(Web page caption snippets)
☆ ☆ ☆ ☆ ☆
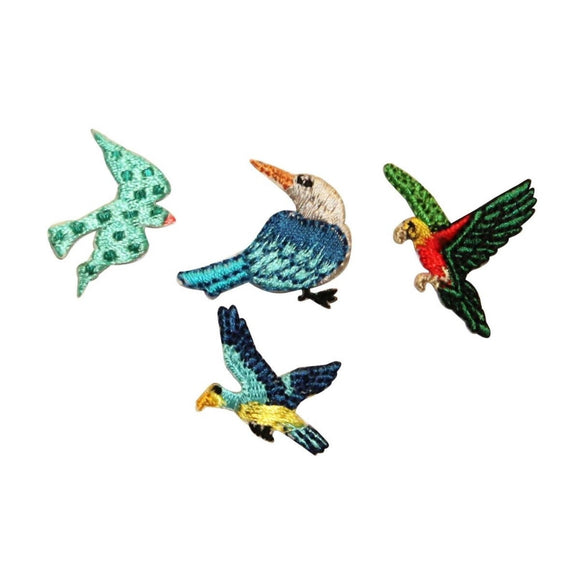 ID 0538ABCD Set of 4 Tropical Bird Patches Flying Embroidered Iron On Applique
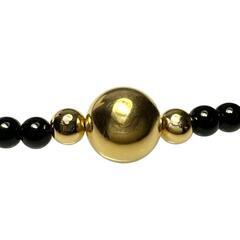 ブラックカルセドニー ネックレス K18ゴールド 18金/ボールも金性確認済み 10.2g 41cm レディース【中古】【真子質店】【NN】【YY】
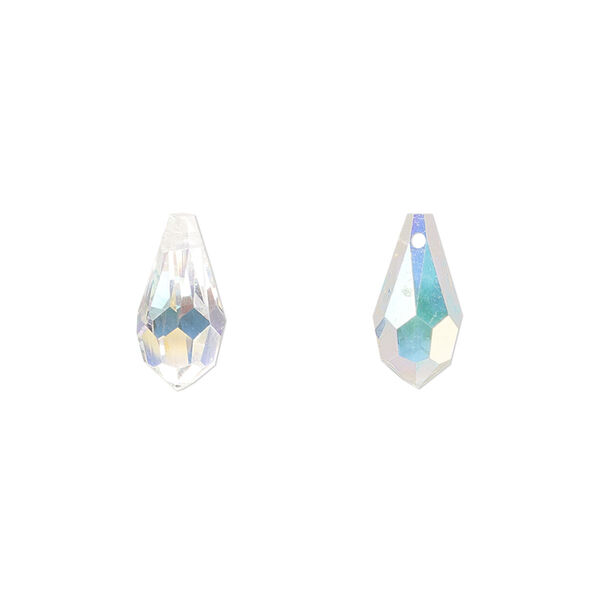 Briolette 8pk crystal AB, Preciosa Czech crystal 13x6.5mm pendant drop image number 0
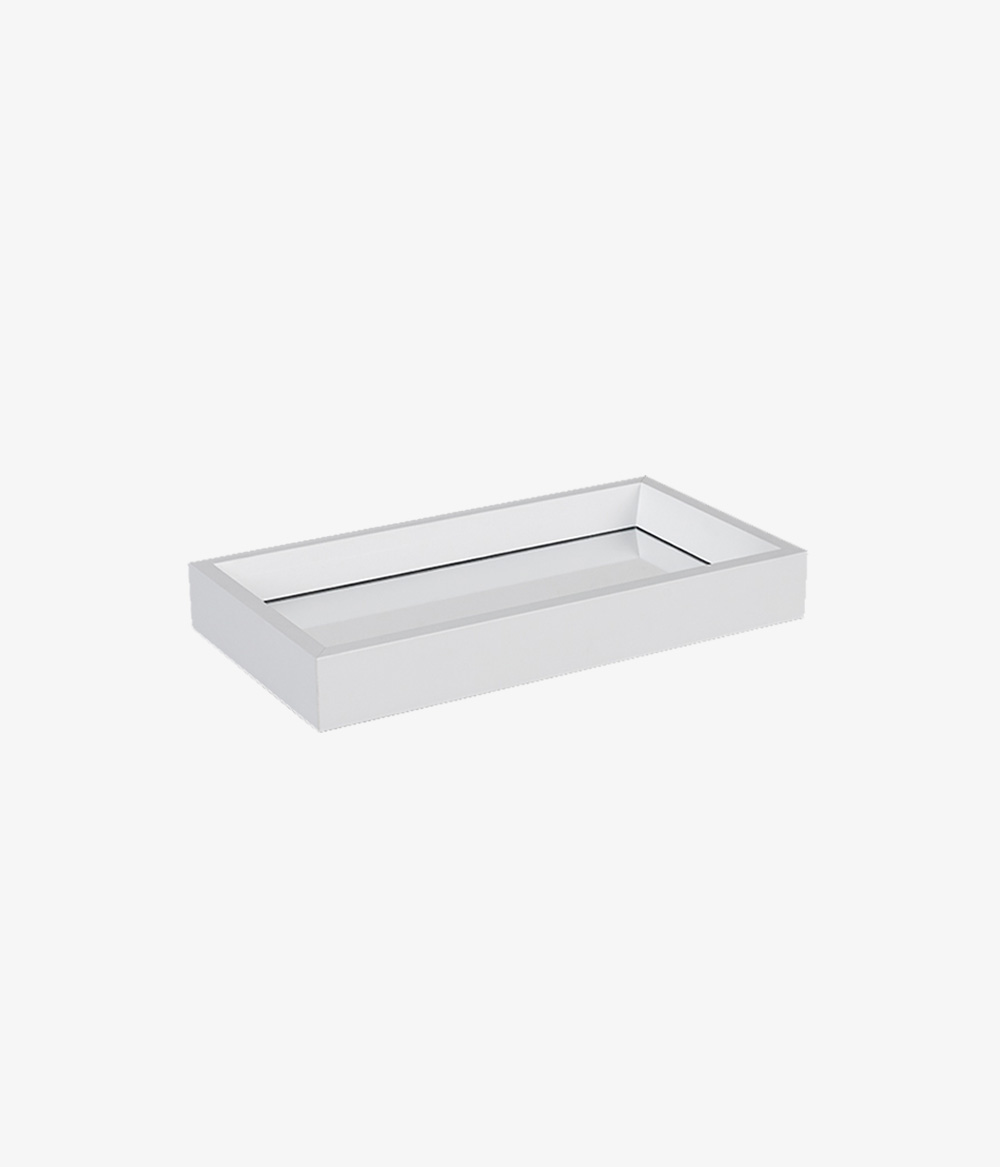 Espelho Emoldurado Bandeja Espelhada 15x30cm Branco Espelho Emoldurado Bandeja Espelhada 15x30cm Branco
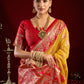 Rajwada Yellow and Red Silk Blend Woven Saree For Women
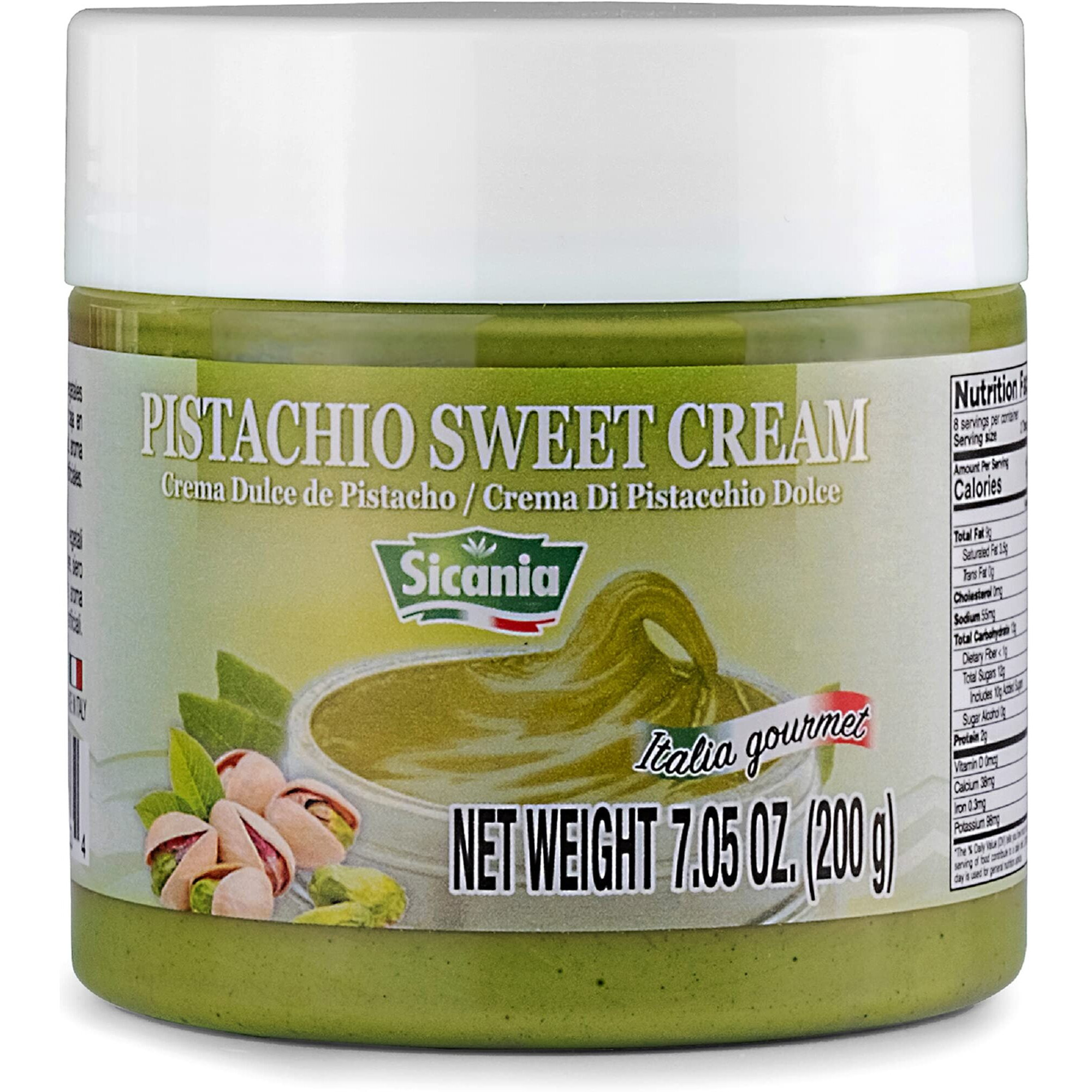 Sicania - Premium Pistachio Cream, 7.05 Oz (200G) - Authentic Italian, Gluten-Free, Non-Gmo - Gourmet Spread For Desserts, Pastries, Dubai Pistachio Chocolate Bar & More
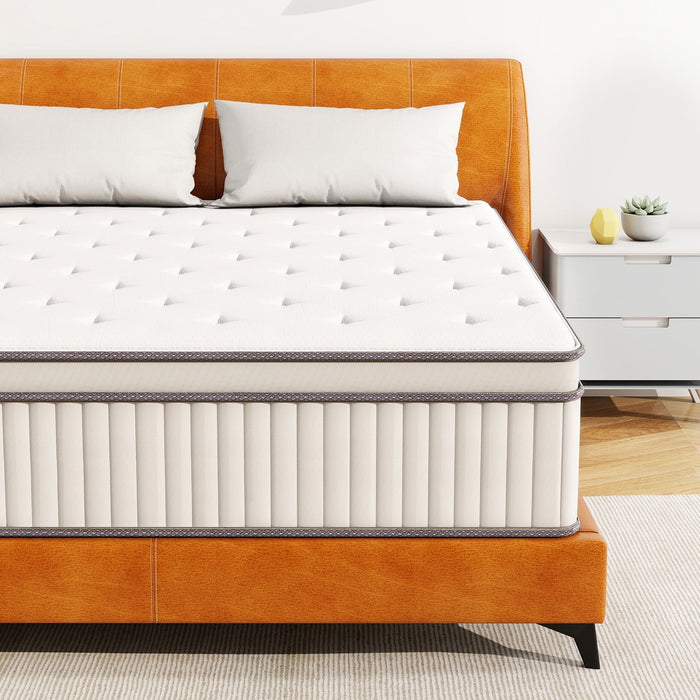 Blorly Queen Mattress 14 Inch Hybrid Mattress in a box, Gel Memory Foam and Spring Mattress Support and Pressure Relief, Medium Firmness,White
☆ ☆ ☆ ☆ ☆
— BRIEF —
With pictures omitted, reproduce exactly the lines from the line containing "Sicania - Premium" through the end of the data above.

— WRITTEN SOLUTION —
 Sicania - Premium Pistachio Cream, 7.05 Oz (200G) - Authentic Italian, Gluten-Free, Non-Gmo - Gourmet Spread For Desserts, Pastries, Dubai Pistachio Chocolate Bar & More
 Blorly Queen Mattress 14 Inch Hybrid Mattress in a box, Gel Memory Foam and Spring Mattress Support and Pressure Relief, Medium Firmness,White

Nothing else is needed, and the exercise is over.